En este sentido, John Banville es más clemente, acaso porque como escritor sabe del lazo profundo entre literatura y subjetividad, con esa certeza real por intransmisible pero incluso así susceptible de la metáfora, del tránsito hacia el terreno de lo simbólico. En algún momento de su ensayo el novelista cita un fragmento de una de las cartas a Milena en la que Kafka se dice sucio, “infinitamente sucio”, para después agregar que “nadie tiene la voz tan pura como aquellos que están en lo más hondo del infierno; lo que tomamos por canto de los ángeles es su canto”. No sin cierta ironía velada Banville concluye que “Kafka, en efecto, llevaba algunos oscuros problemas en lo profundo de sí”.

Con todo, el novelista se abstiene de juzgar esta “peculiaridad” —acaso porque, en cierta forma, nadie podría hacerlo: ¿quién, en efecto, podría arrogarse legítimamente dicha autoridad?— y, en contraste con Epstein, se limita a seguir los pretextos y las sugerencias biográficas que hacen pensar en el homoerotismo de Kafka (algo, por cierto, distinto a la homosexualidad). Salvo quizá el momento de su texto en el que con notable sensibilidad, pero también con sutileza, ubica estas presunciones sobre la subjetividad kafkiana —“su secrecía, su impulso hacia una ‘oscura lucidez’”— en el ámbito de sus “métodos de trabajo”, ese pasar a otra cosa que admite manifestaciones mucho menos hegemónicas que la visión estadounidense del move on, que privilegia sí la acción pero sólo formas específicas de esta, aquellas ligadas a un modo específico de producción y consumo.

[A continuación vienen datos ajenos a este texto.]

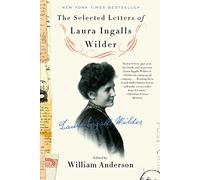 The Selected Letters of Laura Ingalls Wilder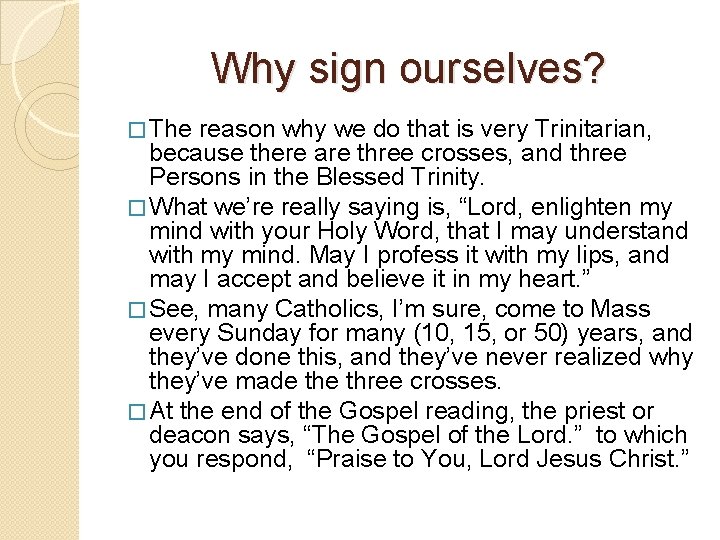 Why sign ourselves? � The reason why we do that is very Trinitarian, because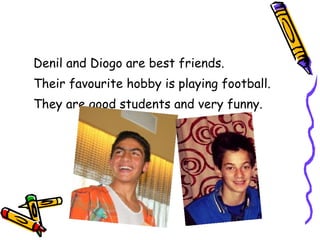 Denil and Diogo are best friends.
Their favourite hobby is playing football.
They are good students and very funny.

 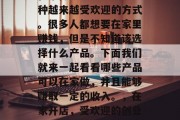在家做生意已经成为一种越来越受欢迎的方式。很多人都想要在家里赚钱，但是不知道该选择什么产品。下面我们就来一起看看哪些产品可以在家做，并且能够赚取一定的收入。，在家开店，受欢迎的创业项目推荐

Y quizá al final ese parece haber sido el propósito de este texto: enfrentar dos maneras más o menos conocidas y practicadas, aunque no claramente definidas, que aun ahora existen como alternativas para resolver nuestros conflictos personales, para descifrar los "misterios de la vida". Por un lado, como parece ser el caso de Epstein, la exigencia de una cultura que ante la tristeza, ante el duelo, ante el laberinto que levanta el propio sujeto con la propia simpleza de su existencia, lo único que atina a articular es un “move on”, el insistente imperativo del desplazamiento inmediato, sin mayor detenimiento ni reflexión ante lo sucedido y lo que sucede, la inaplazable reinserción en el mundo. Por otro, la posibilidad del examen, pero no en el sentido confesional, cristiano, que Foucault achacaba en su crítica al psicoanálisis, sino más bien en un sentido casi socrático, casi mayéutico, el “conócete a ti mismo”, una exploración tan libre de cuestionamientos como el mismo sujeto lo permita, el examen de las circunstancias, el entendimiento de las razones —a veces profundas, a veces superficiales— que encuentran su expresión únicamente a través de esa tristeza, de ese duelo, de esa represión, el ejercicio de ubicar y colocar, de situar y otorgar un lugar a eso que se encuentra detrás o al lado o frente a lo que sucede, las realidades paralelas de la realidad, el sostén de los hechos, el suelo blando de la existencia. El mapeo que no cura ni resuelve, que no desaparece los conflictos, sino que, quizá, solo los desata brevemente, los desanuda en uno de sus puntos para poder mirarlos desde otro ángulo, moverlos un poco, cambiarlos en alguno de sus detalles y, entonces sí, descubrir que siempre fue posible hacer otra cosa con ellos, hacer otra cosa de ellos.